The clinical success was higher in meropenem/vaborbactam than in ceftazidime/avibactam group: 69.2% vs. 61.9% (p = 0.49). In a study with various type of infections including cUTI, HAP/VAP, and bacteremia due to carbapenem-nonsusceptible pathogens, meropenem/vaborbactam showed higher clinical cure at day 28 in comparison with the best-available therapy of 65.6% vs. 33.3%.
Imipenem-Cilastatin/Relebactam
The FDA approved imipenem-cilastatin/relebactam in 2019 for cUTI and cIAI indications at a dose of 1.25 g, IV, QID. Like all beta-lactam/ beta-lactamase inhibitor (BL/ BLI) presented in the present manuscript, imipenem (+cilastatin)/relebactam, further referred to as imipenem/relebactam, shows activity against Enterobacterales and P. aeruginosa, but not against Acinetobacter spp.
It restores activity against K. pneumoniae isolates that harbour KPCs, and partnering relebactam with imipenem decreased the MIC values of imipenem in P. aeruginosa isolates fourfold. An RCT that compared imipenem-cilas-tatin/relebactam (500 mg–500 mg/250 mg IV, QID), for 7 to 14 days with piperacillin/tazobactam 4 g/500 mg IV, QID, in treating VAP patients showed apparently lower all-cause mortality at day 28 (15.9% vs. 21.3%).
Discussion
The eight antibiotics reviewed here add to the armamentarium of antibiotics against carbapenem-resistant Gram-negative microorganisms. Almost all of these new antibiotics are approved for cUTI and most of them for cIAI (eravacycline, ceftazidime/avibactam, ceftolozane/tazobactam, and imipenem/relebactam). Ceftazidime/avibactam was the first antibiotic approved for HAP/VAP by the FDA in 2018, and over the years, ceftolozane/tazobactam (2019), imipenem/relebactam (2020), and cefiderocol (2020) were also approved by the FDA for this indication.

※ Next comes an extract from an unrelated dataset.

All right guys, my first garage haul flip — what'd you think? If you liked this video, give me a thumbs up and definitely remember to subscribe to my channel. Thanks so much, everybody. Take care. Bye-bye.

Developing antibiotics active against Gram-negative microorganisms that harbor MBL remains a challenge. While several inhibitors for serine beta-lactamases (i.e., group A, C, and D) are available as reviewed above, not many MBL inhibitors are included. Avibactam is partnered with aztreonam to prevent aztreonam from being hydrolyzed by non-MBL beta-lactamases. While this antibiotic seemed to be active against Enterobacterales with MBL genes (NDM, VIM, IMP), it was less active against P. aeruginosa with MBL genes.
In conclusion, we have reviewed eight novel antibiotics that are predominantly active against Gram-negative bacteria, and all have potential in the treatment of infections due to carbapenem-nonsusceptible microorganisms.